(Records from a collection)

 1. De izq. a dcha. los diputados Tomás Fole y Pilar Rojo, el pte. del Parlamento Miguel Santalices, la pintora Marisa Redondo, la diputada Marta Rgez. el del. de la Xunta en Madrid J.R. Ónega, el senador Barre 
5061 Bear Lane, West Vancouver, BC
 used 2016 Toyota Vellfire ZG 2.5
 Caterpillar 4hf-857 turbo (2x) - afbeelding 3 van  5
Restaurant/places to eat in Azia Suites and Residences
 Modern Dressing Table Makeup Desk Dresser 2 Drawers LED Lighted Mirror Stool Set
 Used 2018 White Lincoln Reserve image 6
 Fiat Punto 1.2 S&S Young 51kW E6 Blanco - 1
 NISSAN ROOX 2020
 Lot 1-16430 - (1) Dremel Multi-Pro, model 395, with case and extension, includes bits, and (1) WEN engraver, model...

* **Exercise objective**
Give back every line of the data exactly.

* **Reply**
 1. De izq. a dcha. los diputados Tomás Fole y Pilar Rojo, el pte. del Parlamento Miguel Santalices, la pintora Marisa Redondo, la diputada Marta Rgez. el del. de la Xunta en Madrid J.R. Ónega, el senador Barre 
5061 Bear Lane, West Vancouver, BC
 used 2016 Toyota Vellfire ZG 2.5
 Caterpillar 4hf-857 turbo (2x) - afbeelding 3 van  5
Restaurant/places to eat in Azia Suites and Residences
 Modern Dressing Table Makeup Desk Dresser 2 Drawers LED Lighted Mirror Stool Set
 Used 2018 White Lincoln Reserve image 6
 Fiat Punto 1.2 S&S Young 51kW E6 Blanco - 1
 NISSAN ROOX 2020
 Lot 1-16430 - (1) Dremel Multi-Pro, model 395, with case and extension, includes bits, and (1) WEN engraver, model...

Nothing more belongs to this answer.